Here are a few pictures of some of the machines in the shop.  All of them work as they did when new, and none have been repainted.  Note they all have some nicks, scratches, or discolored areas from years of use.  The oldest are over 100 years old.  Several date from the WWII era, and the newest are from the 1980's


----------



## Investigator (Jul 14, 2021)

Thanks for all the suggestions folks.  After a good nights sleep, and lots of thought on this, I still don't know what I'll do.  Likely it will be a game time decision when I get it in pieces.
There is a lot to think about and I really do appreciate everyone's input.  More is still welcome as well.


----------



## Janderso (Jul 14, 2021)

benmychree said:


> use two part automotive paint for the best job


When using solvents to clean up oil and grease you sure can tell the quality of paint used as the rag often comes back with paint on it.
Good advise!


----------



## Nogoingback (Jul 14, 2021)

The paint on your mill really isn't that bad to begin with, and with a good cleaning it would look
pretty nice.  If it were me, I would spend my time on functional improvements and repairs, and put
it back into service.


----------



## Janderso (Jul 14, 2021)

Investigator said:


> Thanks for all the suggestions folks.  After a good nights sleep, and lots of thought on this, I still don't know what I'll do.  Likely it will be a game time decision when I get it in pieces.
> There is a lot to think about and I really do appreciate everyone's input.  More is still welcome as well.


How's the shop coming along?


----------



## Investigator (Jul 14, 2021)

Janderso said:


> How's the shop coming along?



Is it ever finished?  I've got most everything moved, with the exception of the round column mill and the 12" logan.  I have 120v electricity done throughout.  Still need to wire the 240v  for a radial arm saw, and table saw, and mount the phase converter for the lathe and 'new' mill.
I'm excited.


----------



## Aukai (Jul 14, 2021)

It took a lot of years to give it the character that it has.


----------



## Tipton1965 (Jul 29, 2021)

I'm the odd guy out here because I think you should paint it.  Especially if you are going to break it down and replace worn parts.  I have restored old cars over the years and I love taking something old, tearing it down and making it look new again.  It has to function well and look darn good doing it.  I enjoy painting so maybe that's why I tend to lean that way.


----------



## Investigator (Jul 29, 2021)

My plan seems to be firming up, at least in my mind.  I will be pulling the mill apart, and because I want to make sure I have good function I will be replacing some worn or expected to be worn parts.
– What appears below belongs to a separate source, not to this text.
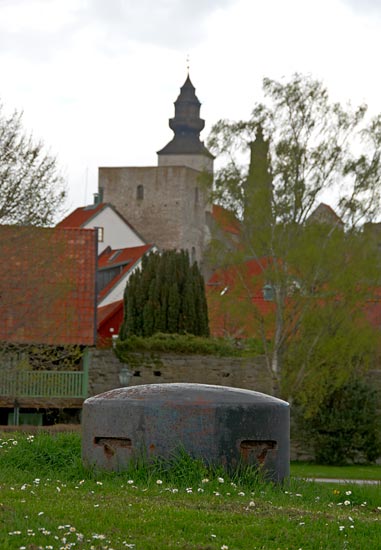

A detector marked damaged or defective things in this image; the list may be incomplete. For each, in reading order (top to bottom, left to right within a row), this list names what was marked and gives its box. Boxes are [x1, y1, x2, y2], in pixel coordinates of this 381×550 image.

I expect to replace spindle bearings and one shot lube tubing at a minimum, other parts as needed.  Since I will have it down I think I will clean and spot repair dent/dings/missing paint with filler and then give a decent repaint to bring it to one color scheme.  I'm not planning on a complete strip to bare metal. I think this will save time and aggravation for me, and still present a nice looking machine.


----------



## Investigator (Jul 29, 2021)

only question now is......what color to paint?  LOL

Maybe just some highlights, in Blue/red/whatever like Randy, Maybe solid black?  Or maybe go wild




Or as TubalCain says "ubiquitous grey"


----------



## Larry$ (Jul 29, 2021)

I like a clean neat shop but a proper repaint takes a lot of time and effort that may be best spent on something else. I hate it when someone has failed to do a proper clean & prep before a repaint. Far more work goes into that than the actual paining. 
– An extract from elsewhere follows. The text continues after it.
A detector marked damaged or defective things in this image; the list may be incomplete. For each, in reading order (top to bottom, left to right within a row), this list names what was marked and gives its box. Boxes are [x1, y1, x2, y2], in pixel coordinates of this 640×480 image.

I recently reworked (not restored!) an old cold saw. Turned into a way longer project than it started out to be. When is it  clean enough? My answer if you are going to repaint is: when a solvent soaked rag doesn't pickup any  grime. Then you need to give the new paint some "tooth" to bond to. Meaning a complete fine sanding. By then you have so much work into it you say time for Bondo. More sanding, then putty the minor spots. Then more sanding. Is this going to be an exhibit machine? Will it take a blue ribbon? Two component paint or rattle can. Time is adding up. 

My cold saw project stopped @ solvent washing, orbital sanding out the dings then rattle can Rust Oleum primer and paint. It won't peel but no blue ribbons. Painting was done while it was apart.   YMMV.


----------



## Tipton1965 (Jul 29, 2021)

Investigator said:


> only question now is......what color to paint?  LOL
> 
> Maybe just some highlights, in Blue/red/whatever like Randy, Maybe solid black?  Or maybe go wild
> 
> ...


My vote is black with grey like this Jet mill.


----------



## Investigator (Jul 29, 2021)

Tipton1965 said:


> My vote is black with grey like this Jet mill.
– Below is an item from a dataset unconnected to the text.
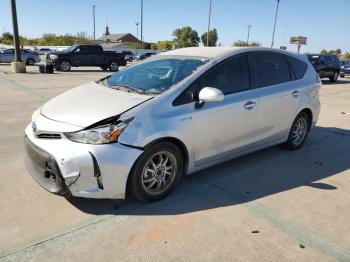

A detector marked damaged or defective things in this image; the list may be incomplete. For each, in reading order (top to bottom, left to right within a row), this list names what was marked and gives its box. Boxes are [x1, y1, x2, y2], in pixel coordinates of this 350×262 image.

I've actually had the photo saved on my computer for months considering the colors.


----------



## Norseman C.B. (Jul 29, 2021)

Navy grey or white have always been my personal faves for machine tools.............................


----------



## NCjeeper (Jul 30, 2021)

Personally not a fan of black machines. My mill was black when I bought it. I painted it gray with red highlights. Looks much better now I think.


----------



## davidpbest (Jul 30, 2021)

When I bought my knee mill from Precision Matthews, first thing I did was strip it down and repaint it.  I have high standards that extend beyond how it "functions" and I take pride in my equipment and workmanship standards.  If you want to just get it working, you'll have lots of company in the "hacker" community egging you on.  LOL. 









						Running Blog - PM935 Milling Machine Saga
					

A "baby Bridgeport" mill to replace my trusty RF45 bench top mill.  Updates added daily.




					flic.kr
				




As for paint/color, I used a polyurethane on my lathe that is impregnated with powdered stainless steel and highly recommend it.  It stands up to all the common solvents including Naphtha, Acetone, gasoline, Alcohol, MEK, etc.  This is the product: comes in brush/roller quarts and rattle-cans.   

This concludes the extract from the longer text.